SAINT LAURENT PARIS

「ダサい」「ユルい」が最高のファッションイメージ

サンローランの最新コレクションを簡潔にいうならば、「ちょいダサで、最高にクール」。これまでジェンダーレスに挑み続けて確立させたナチュラルでフラットなスタンスが、意外にも個性的な形で進化を遂げたのが今シーズンです。

デザインの軸となるのは、70年代から80年代を時代背景にしたサーフルックと90年代のグランジ。チープさを助長させるヴィヴィッドなカラーやユルめなシルエットに通じるサーフカジュアルと、恐竜プリントやパッチワーク、ヴィンテージ加工の白スニといった”古着屋ストック”を想起させるモチーフが大胆に料理されています。

サンローランが解釈する「ナチュラルでフラット」は、「ダサさもパーソナルな個性」と同意になっています。その新たな美的概念が新時代のドレスコードに成りえるというものです。

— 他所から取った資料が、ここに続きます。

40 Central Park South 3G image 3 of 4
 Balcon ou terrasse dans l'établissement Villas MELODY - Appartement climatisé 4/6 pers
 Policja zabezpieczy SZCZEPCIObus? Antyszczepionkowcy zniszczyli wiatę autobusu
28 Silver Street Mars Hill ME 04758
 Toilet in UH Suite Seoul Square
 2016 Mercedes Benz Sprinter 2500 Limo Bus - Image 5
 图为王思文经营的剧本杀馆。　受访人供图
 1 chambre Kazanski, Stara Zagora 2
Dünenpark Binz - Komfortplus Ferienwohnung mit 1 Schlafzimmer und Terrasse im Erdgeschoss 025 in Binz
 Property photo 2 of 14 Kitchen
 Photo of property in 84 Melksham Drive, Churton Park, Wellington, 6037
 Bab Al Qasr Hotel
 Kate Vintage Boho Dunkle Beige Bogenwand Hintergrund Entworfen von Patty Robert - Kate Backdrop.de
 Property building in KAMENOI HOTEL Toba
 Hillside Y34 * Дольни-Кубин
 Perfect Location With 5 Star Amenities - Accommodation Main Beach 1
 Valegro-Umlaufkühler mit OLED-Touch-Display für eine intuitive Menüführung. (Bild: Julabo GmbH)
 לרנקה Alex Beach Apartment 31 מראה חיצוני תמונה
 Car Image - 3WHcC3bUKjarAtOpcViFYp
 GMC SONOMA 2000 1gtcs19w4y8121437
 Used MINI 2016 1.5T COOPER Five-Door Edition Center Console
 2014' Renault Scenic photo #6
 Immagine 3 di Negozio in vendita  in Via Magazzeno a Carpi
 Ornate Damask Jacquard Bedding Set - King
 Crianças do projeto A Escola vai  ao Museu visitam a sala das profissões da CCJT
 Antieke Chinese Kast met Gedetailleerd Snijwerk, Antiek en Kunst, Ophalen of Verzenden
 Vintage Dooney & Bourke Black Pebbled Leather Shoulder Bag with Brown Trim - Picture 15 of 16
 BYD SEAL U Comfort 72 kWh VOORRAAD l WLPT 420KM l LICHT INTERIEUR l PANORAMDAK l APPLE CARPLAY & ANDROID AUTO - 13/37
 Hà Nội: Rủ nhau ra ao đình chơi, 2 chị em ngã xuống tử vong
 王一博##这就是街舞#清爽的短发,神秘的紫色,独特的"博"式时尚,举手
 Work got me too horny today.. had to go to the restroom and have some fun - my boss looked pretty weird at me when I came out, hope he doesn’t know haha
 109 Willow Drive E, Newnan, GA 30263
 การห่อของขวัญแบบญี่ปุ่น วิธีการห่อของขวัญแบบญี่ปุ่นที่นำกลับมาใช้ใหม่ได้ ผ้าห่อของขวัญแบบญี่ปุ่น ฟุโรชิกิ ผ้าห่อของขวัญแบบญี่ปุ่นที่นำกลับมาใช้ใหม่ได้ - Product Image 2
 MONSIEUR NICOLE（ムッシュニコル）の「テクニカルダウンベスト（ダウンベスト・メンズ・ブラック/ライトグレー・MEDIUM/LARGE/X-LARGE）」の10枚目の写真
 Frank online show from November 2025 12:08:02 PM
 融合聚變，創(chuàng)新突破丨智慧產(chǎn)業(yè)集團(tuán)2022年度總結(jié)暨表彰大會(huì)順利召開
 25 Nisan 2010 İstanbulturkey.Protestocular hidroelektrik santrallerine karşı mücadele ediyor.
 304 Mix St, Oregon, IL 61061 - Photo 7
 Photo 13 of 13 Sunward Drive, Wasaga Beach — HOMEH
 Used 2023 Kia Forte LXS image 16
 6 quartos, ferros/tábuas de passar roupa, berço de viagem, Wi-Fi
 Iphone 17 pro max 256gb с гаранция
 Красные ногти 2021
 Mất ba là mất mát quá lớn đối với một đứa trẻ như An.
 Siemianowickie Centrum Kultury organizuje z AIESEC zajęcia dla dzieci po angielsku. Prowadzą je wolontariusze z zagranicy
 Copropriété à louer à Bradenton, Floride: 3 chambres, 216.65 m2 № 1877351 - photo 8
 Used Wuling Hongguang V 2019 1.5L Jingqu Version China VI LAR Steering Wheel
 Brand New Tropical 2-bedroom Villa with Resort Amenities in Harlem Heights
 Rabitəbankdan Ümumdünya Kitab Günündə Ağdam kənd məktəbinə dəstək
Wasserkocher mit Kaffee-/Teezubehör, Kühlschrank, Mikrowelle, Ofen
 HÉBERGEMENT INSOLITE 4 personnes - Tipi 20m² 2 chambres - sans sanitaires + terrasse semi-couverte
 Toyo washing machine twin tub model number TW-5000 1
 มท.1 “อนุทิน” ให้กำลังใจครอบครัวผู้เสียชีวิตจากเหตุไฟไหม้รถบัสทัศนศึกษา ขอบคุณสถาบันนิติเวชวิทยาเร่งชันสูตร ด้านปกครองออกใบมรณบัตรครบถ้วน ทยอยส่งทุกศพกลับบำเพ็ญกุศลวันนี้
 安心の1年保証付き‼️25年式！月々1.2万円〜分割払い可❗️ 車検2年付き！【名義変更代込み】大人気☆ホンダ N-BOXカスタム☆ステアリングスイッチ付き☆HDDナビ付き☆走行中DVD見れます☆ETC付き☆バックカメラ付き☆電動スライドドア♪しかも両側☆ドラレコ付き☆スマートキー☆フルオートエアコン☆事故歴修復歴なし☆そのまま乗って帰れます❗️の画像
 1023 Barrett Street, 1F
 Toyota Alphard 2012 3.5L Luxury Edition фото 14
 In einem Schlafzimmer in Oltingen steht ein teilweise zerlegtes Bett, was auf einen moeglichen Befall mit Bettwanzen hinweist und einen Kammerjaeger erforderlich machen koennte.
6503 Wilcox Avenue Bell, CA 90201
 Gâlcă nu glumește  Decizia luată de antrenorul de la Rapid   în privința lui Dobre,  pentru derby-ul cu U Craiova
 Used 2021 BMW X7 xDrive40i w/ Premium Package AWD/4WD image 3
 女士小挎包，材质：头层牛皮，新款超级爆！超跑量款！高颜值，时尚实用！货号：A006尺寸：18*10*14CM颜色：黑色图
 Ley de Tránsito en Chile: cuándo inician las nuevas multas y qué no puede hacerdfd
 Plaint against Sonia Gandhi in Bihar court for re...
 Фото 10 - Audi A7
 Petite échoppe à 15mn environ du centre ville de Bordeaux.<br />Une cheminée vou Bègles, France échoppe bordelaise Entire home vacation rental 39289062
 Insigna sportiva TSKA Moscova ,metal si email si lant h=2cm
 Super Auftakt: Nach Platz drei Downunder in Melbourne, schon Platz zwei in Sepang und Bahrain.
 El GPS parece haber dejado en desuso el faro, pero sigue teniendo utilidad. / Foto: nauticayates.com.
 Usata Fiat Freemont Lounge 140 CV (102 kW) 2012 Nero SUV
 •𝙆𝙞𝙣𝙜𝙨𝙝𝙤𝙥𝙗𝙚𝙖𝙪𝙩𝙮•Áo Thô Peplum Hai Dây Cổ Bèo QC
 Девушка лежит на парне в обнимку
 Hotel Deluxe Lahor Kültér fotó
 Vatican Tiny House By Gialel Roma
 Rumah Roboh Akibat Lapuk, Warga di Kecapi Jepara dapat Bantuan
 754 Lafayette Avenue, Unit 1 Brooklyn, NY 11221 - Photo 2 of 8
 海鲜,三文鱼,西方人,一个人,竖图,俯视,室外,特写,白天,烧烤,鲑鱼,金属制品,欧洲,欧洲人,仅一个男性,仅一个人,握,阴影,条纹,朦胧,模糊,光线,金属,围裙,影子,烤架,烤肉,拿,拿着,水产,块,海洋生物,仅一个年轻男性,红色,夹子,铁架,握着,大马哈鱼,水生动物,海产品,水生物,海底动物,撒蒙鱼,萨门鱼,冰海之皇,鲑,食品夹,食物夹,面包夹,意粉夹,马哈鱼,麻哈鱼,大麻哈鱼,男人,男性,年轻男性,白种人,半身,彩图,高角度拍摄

一方ウィメンズでは、音楽とファッションの親和性をテーマに「野外フェス」をセレクトしています。象徴的なのはストラップのミニドレスにラバー製の”フェスブーツ”こと長靴。頭にはバンダナではなくティアラを乗せてアップデートしています。90年代のケイトモスをインスピレーションのひとつに捉えて、時代のアイコンを煌びやかに蘇らせながら、開放的でオブセストなスタイリングが提案されています。
トートバッグ
シャープなサンローランのイメージを覆したのがキャンバス使いのコレ。気分のユルさに近づきながら、革やシルエットの映えつ使い方にメゾンのアイデンティティがキラリ。
トートバッグ
シーズンテーマにリーチしたフォークロア路線のデザイン。春モノに敢えての黒オシはブレない美意識と、女性の気品を引き出してくれる。
テディジャケット
エディ版サンローランのアイコンウェアとして人気の高いテディジャケット。今シーズンはシルエットに若干の余裕アリ。ディテイルの革遣いがシャープな男気をアピる。